Rappelons que, dans la série originale, l’auteur adélois avait lui-même écrit une scène de bataille opposant le curé et Séraphin qui refusait d’acquiescer à la requête de Labelle qui l’enjoignait à acheter un moulin à scie pour venir en aide aux colons. Le gros curé, dans un accès de colère, empoigne Séraphin et tente de le passer par-dessus la rambarde du pont où se déroule l’action. C’était bien sûr de la fiction.
Dans l’état actuel de nos connaissances, aucun texte dans les archives, la correspondance du curé ou les ouvrages qui lui sont consacrés ne relate un événement où Antoine Labelle se serait battu de la sorte, soit pour obtenir gain de cause ou lors d’une cabale électorale aussi enflammée fût-elle.
Cependant, quelques récits décrivent un curé qui ne dédaignait pas les tiraillages amicaux et qui acceptait volontiers les épreuves de force qui lui étaient proposées, comme en témoigne cette anecdote racontée par Edmond Grignon dans son livre En guettant les ours où le Roi du Nord aurait fait mordre la poussière deux fois plutôt qu’une au grand Ménard: «Narcisse Ménard, que j’ai bien connu, puisqu’il fut l’un des premiers colons de mon pays de Sainte-Agathe, m’a raconté lui-même cette aventure. La veille, histoire de s’amuser, ils s’ étaient mesurés dans une lutte à grands-bras et le curé l’avait terrassé. Tous les campeurs se moquaient de Ménard qui, pour s’excuser, leur disait qu’il n’avait pas osé, par respect pour un prêtre, employer toute sa force, mais que s’il l’avait voulu il l’aurait battu. Toutefois, on le taquina tellement qu’il décida de se reprendre à la prochaine occasion, et c’est pourquoi il apostropha le curé par ces paroles : C’est ben de valeur, M. le curé, mais vous allez être obligé de baiser la vieille. Et le curé Labelle de rétorquer hardiment : Tu sauras, mon Ménard, que c’est toé qui va la baiser la vieille, et lui désignant le sol, il ajouta: Tu vas baiser la vieille terre — Ça se fait à deux, ça, M. le curé, reprit le terrible colon, et il fonça sur son adversaire.» 1
Ce fut un combat épique entre deux titans: «Les campeurs, excités, criaient: Courage, M. le curé! Tiens ben, Ménard!. Le curé, trop lourd pour son adversaire, semblait perdre du terrain. Alors, il se décida d’employer un truc de combat qu’il avait pratiqué dans sa jeunesse et faisant un dernier et suprême effort, il appliqua un habile croc-en-jambe à son rival qui roula sur la grève; puis, pesant de ses cent soixante kilos sur le corps du vaincu, il lui enfonça la figure dans le sable en lui criant : Baise-là, la vieille, mon Ménard, baise-là»
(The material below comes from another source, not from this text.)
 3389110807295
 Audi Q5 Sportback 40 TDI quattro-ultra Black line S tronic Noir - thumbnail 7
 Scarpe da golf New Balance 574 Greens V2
Une autre anecdote, tirée cette fois de la mémoire familiale des Trépanier et racontée par M. Jean-Louis Trépanier qui tient un commerce à Rivière-Rouge. Elle met en scène son aïeul Honoré Husereau et confirme le penchant du curé pour les jeux musclés : «Quand le curé Labelle se rendait au Lac des Sables, à Sainte-Agathe, il aimait se tirailler avec Honoré. Pas de vraies batailles, juste du tiraillage pour s’amuser. Mais le curé Labelle devait être très fort pour se mesurer à ce jeune homme robuste qui était contremaître sur le chemin de fer».
Le curé Labelle était connu pour ses colères soudaines, volcaniques, aussi retentissantes que passagères. L’un de ses vicaires en fit personnellement l’expérience, comme le curé le rapporte lui-même dans cet extrait d’une lettre qu’il adressait à Mgr Fabre le 24 juin 1877 : «Le lendemain après ma messe, il me demanda [le vicaire] de suite son argent. Je lui dis que je ne pouvais l’avoir à la parole, car je devais l’avoir dans l’après-midi. C’est alors qu’il me dit qu’il fallait avoir bien peu d’esprit que de demander le rappel de son vicaire sans avoir d’argent pour le payer. À pareille impertinence, je me levai, je le pris par le bras, le conduisit à la porte, lui mit mon pied au derrière en lui disant restez à présent, mais vous méritez de sortir de ma maison de cette manière-là par vos insolences.» 2
Si le curé Labelle n’était pas un batailleur au sens péjoratif du terme, il était assurément un infatigable battant. Et les batailles qu’il a livrées, au nom de la colonisation et de ses chers colons, l’ont été avec des mots et des idées. Ses poings ont dû s’abattre plusieurs fois sur son bureau de sous-ministre de la colonisation, mais jamais dans la figure de qui que ce soit.